Boeing deepens jetliner job cuts

Boeing

 

Bloomberg

Boeing Co. is making deeper job cuts in its commercial airplane business and planning further reductions for 2017, citing “fewer sales opportunities and tough competition.”
The US planemaker will trim the workforce in its largest division by 8 percent by the end of this year compared with the January level, Boeing Vice Chairman Ray Conner and Kevin McAllister, chief executive officer of the jetliner unit, said in a memo to employees Monday. That implies a reduction of about 6,600 jobs based on employment on Jan. 28. In March, the company said it expected to cut 4,000 by midyear.
Boeing and Airbus Group SE have been streamlining their operations as dwindling airplane sales heighten concern that the aerospace industry is slipping into a down cycle. The U.S. planemaker said earlier this month that it would slow production of the 777, one of its biggest moneymakers, in August 2017 even after a previously announced reduction in output takes effect next month. “We will need to continue to reduce the size of our workforce next year,” Conner and McAllister said. While some cuts will come from attrition, voluntary layoffs and leaving open positions unfilled, “we may also need to use involuntary layoffs.”
Boeing rose 1.2 percent to $156.40 at 2:28 p.m. in New York. The shares climbed 6.9 percent this year through Dec. 16, trailing the 10 percent gain for the S&P 500 Index.

‘Working Aggressively’
There is no specific target for the number of 2017 job cuts, a spokesman for Chicago-based Boeing said. This year’s reductions include a 10 percent reduction in executives and managers, said Conner and McAllister.

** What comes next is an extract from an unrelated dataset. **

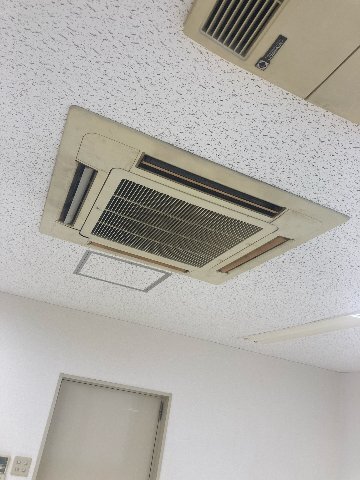 拡大写真:アメニティ夢Ⅲ 【内装事務所仕様/府道沿い】 203の室内設備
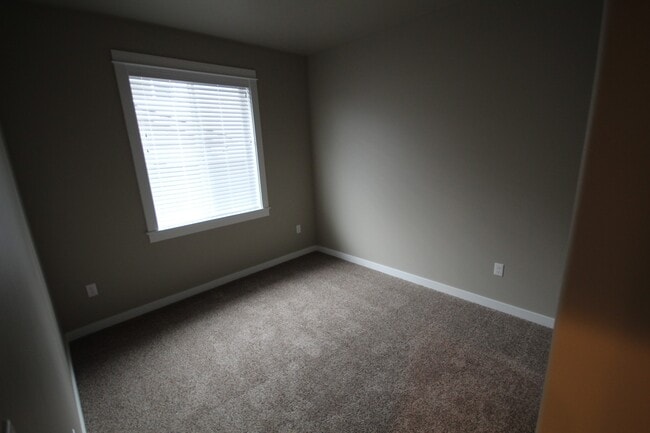 Building Photo - Like New Home Near Hospital, All Appliances, Air Conditioning, Fenced Yard, Dbl Garage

Boeing is also “working aggressively” to trim non labor costs, they said.
McAllister became the first outsider to run the commercial airplane unit last month, joining Boeing company from General Electric Co. He succeeded Conner.
Production of the 777 will slow to five aircraft a month starting in August 2017 and some jobs will have to be eliminated, Boeing told employees last week. The latest cut came as suppliers were already girding for a previously announced slowdown to a monthly pace of seven jets at the start of next year. Boeing currently makes the wide-body planes at an average pace of 8.3 a month.
Demand for twin-aisle jets has been sapped by a glut of used Boeing 777 and Airbus A330 models. Cheap oil and economic turmoil give airlines less incentive to trade in middle-aged models for pricey new fuel-efficient ones.